Going Public – San Diego Public Market

On the entrance to the Public Market space

Last Sunday I made my way down to the new San Diego Public Market on National.  It’s a great space with a bright future and it has the potential to really drive change in one of San Diego’s oldest neighborhoods.  The trick, of course, is driving the right kind of change–but what the heck does that mean!?! It’s worth talking about, but first let’s have a look inside the market, shall we?

As of this writing, the Market is open from 9am – 2pm on Sunday and Wednesday.  If you want to figure out how to get here on the trolley (3 blocks away) click here or you can map it from your house here. The address is 1735 National Avenue San Diego, CA  92113.  The cool thing about this being the early days of the market is that there is parking everywhere.  So although it’s a very easy bike ride from downtown, North Park and lots of parts of the city, you can find easy parking if you need it (note: there’s actually a lot right behind the Market where you can park and it’s dedicated for the Market).
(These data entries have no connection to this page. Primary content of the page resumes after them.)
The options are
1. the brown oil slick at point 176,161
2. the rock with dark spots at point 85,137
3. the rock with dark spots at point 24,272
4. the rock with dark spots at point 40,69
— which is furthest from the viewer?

So, we got out of the car and bumped into some family who live out in Talmadge–yes, people from all over are coming.  This was a pleasant surprise, as was the guy named Tom who was standing in front of these cool site plans explaining what the future of the Market was to be.  I can’t do it justice, so you can get a full read here.  From what I remember, it will have permanent food stalls, some stalls for fresh fish caught nearby, a test kitchen for classes and restaurants to experiment, jewelry and craft stalls and food truck rally space.  And, which I thought was especially cool, there is a plan to celebrate all sorts of holidays in the great public space–Eid, Christmas, Hanukkah, Kwanzaa and probably others I don’t know about.  This will be a cool way to blend cultures and create interesting interactions between people. The vision Tom laid out sounded very much like they want to create the type of great public space that exists at the Ferry Building in San Francisco or Granville Island Public Market in Vancouver.  Quick aside: I was talking to Chef/Owner Matt Gordon of Urban Solace (in North Park) and Solace and the Moonlight Lounge (in Encinitas) at dinner recently and he was telling me how great it is as a chef to be able to run down on Wednesday and get fresh local supplies.  To hear restaurant owners get excited about the space is nice because it creates almost a backbone of customers that can be supplemented with neighbors and regular San Diegans.
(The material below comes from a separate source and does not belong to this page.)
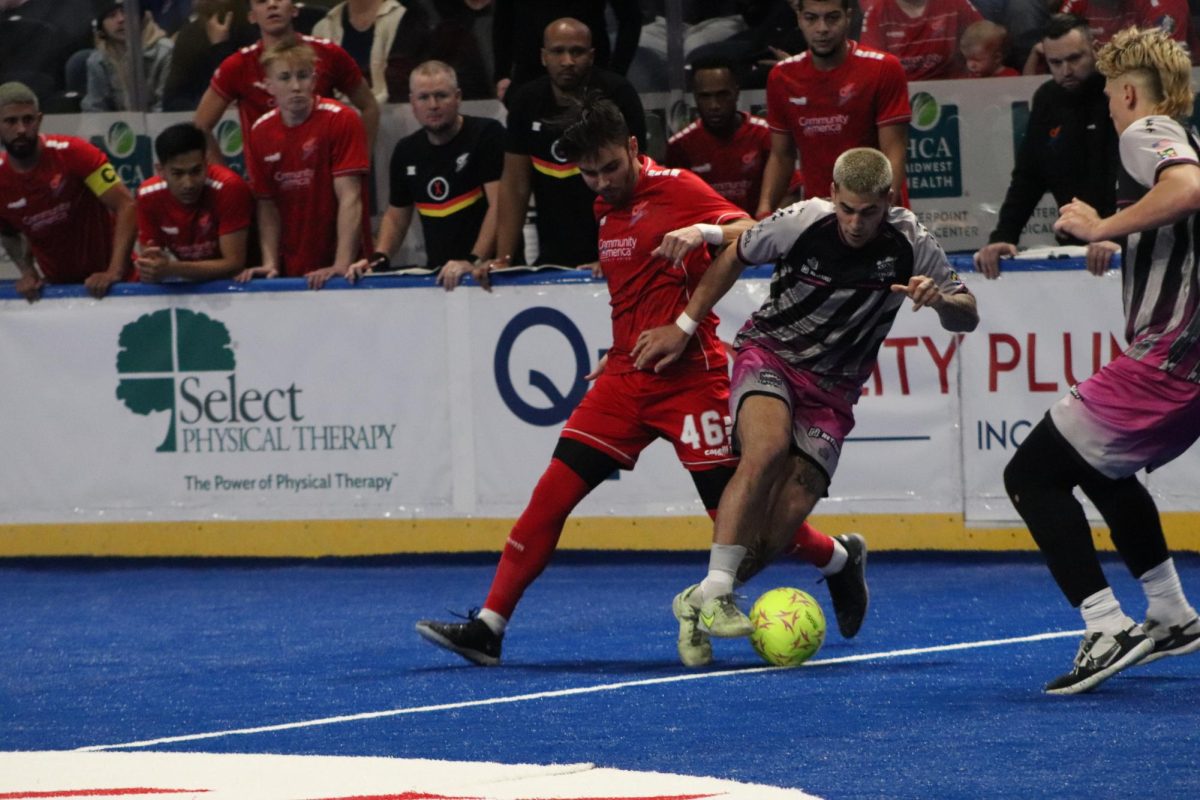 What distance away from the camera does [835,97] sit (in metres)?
10.3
The real potential power of the Market isn’t just in creating “place” in an older community.  It’s also in the creation of an economic engine that doesn’t require a technical background for residents to make, grow or sell items to the public.  The trick, as is often the case when you have a Market where the eggs cost $6/dozen, is creating something that benefits San Diego without involuntarily displacing people who live in the neighborhood.  If neighbors choose to sell their homes as values rise, that is their right.  But for those in rental markets, the issue of keeping available and affordable rental homes is an extremely challenging one.  We can’t–and shouldn’t–force private property owners not to prosper as their property values rise.  As the neighborhood gets more attractive to more people, scarcity is likely to drive rental prices up.  Smarter people than I are trying to find creative ways to minimize these impacts on poor and working class families, but it’s something for which I hope there is a good solution.  A couple interesting potential solutions involve the city purchasing property that it chooses to subsidize or finding a way to capture some of the value of new public infrastructure improvements on the surrounding properties.

I found a variety of fresh vegetables and nuts and had a pleasant conversation with Gemma, the owner of this farm.
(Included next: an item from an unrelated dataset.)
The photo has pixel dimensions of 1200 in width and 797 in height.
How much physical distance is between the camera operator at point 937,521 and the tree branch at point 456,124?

The banner of a first generation farmer in San Diego County…very friendly and helpful. Also very good freshly squeezed O.J.

The above photo is from Paradise Valley Ranch.  Gemma and her husband Dennie were great and helpful.  They have plans to create evening experiences where groups can go out and enjoy the farm and have a nice big meal.  Sounds like a grand time, actually.  Oh, and when I say they had great orange juice, Dennie was literally squeezing it as we spoke. Nice. Another cool item I stumbled on was an East African woman who set up a food truck for her catering business, which shows the promise of this type of venue.  Another part of the promise of the Market is it’s proximity to downtown.  If our city leaders can focus improved land use designations that foster walkability and consistency, there is an increased chance that developers will put in the type of projects that will make the Market a destination for downtown visitors as well as a gateway to the growing arts scene in Barrio Logan.  This type of vision wouldn’t be possible without people like Catt White and Dale Steele, the founders.  And it will only flourish if our city takes seriously the opportunity to make economic and land use decisions that allow more San Diegans to benefit within the local economy.  Thanks for reading, have you visited yet?